HOW TO COMPLETE THIS TASK:
Because the lines must stay identical, write out the data without changing anything.

Records excerpted from a collection:
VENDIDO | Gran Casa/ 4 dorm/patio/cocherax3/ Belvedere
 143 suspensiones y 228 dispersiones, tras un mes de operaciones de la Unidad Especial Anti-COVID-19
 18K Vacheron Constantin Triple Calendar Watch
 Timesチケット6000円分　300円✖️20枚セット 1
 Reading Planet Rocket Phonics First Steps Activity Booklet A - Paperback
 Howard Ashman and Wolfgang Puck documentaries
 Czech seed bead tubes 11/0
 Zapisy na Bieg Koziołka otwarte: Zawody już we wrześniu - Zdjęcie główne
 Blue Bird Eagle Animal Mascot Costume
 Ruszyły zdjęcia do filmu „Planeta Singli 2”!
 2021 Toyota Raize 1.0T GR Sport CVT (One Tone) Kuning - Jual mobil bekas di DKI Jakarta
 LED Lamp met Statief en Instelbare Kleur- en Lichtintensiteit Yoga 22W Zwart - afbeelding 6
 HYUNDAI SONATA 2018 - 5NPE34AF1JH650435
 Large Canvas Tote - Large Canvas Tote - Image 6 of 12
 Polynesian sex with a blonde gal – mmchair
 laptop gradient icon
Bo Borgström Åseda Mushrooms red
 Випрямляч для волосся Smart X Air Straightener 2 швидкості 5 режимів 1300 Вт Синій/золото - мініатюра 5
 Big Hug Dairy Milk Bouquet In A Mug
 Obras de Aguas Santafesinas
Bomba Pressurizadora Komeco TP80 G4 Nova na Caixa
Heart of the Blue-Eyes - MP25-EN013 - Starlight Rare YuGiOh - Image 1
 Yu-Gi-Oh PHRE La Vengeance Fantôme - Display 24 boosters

EXERCISE RESULT:
VENDIDO | Gran Casa/ 4 dorm/patio/cocherax3/ Belvedere
 143 suspensiones y 228 dispersiones, tras un mes de operaciones de la Unidad Especial Anti-COVID-19
 18K Vacheron Constantin Triple Calendar Watch
 Timesチケット6000円分　300円✖️20枚セット 1
 Reading Planet Rocket Phonics First Steps Activity Booklet A - Paperback
 Howard Ashman and Wolfgang Puck documentaries
 Czech seed bead tubes 11/0
 Zapisy na Bieg Koziołka otwarte: Zawody już we wrześniu - Zdjęcie główne
 Blue Bird Eagle Animal Mascot Costume
 Ruszyły zdjęcia do filmu „Planeta Singli 2”!
 2021 Toyota Raize 1.0T GR Sport CVT (One Tone) Kuning - Jual mobil bekas di DKI Jakarta
 LED Lamp met Statief en Instelbare Kleur- en Lichtintensiteit Yoga 22W Zwart - afbeelding 6
 HYUNDAI SONATA 2018 - 5NPE34AF1JH650435
 Large Canvas Tote - Large Canvas Tote - Image 6 of 12
 Polynesian sex with a blonde gal – mmchair
 laptop gradient icon
Bo Borgström Åseda Mushrooms red
 Випрямляч для волосся Smart X Air Straightener 2 швидкості 5 режимів 1300 Вт Синій/золото - мініатюра 5
 Big Hug Dairy Milk Bouquet In A Mug
 Obras de Aguas Santafesinas
Bomba Pressurizadora Komeco TP80 G4 Nova na Caixa
Heart of the Blue-Eyes - MP25-EN013 - Starlight Rare YuGiOh - Image 1
 Yu-Gi-Oh PHRE La Vengeance Fantôme - Display 24 boosters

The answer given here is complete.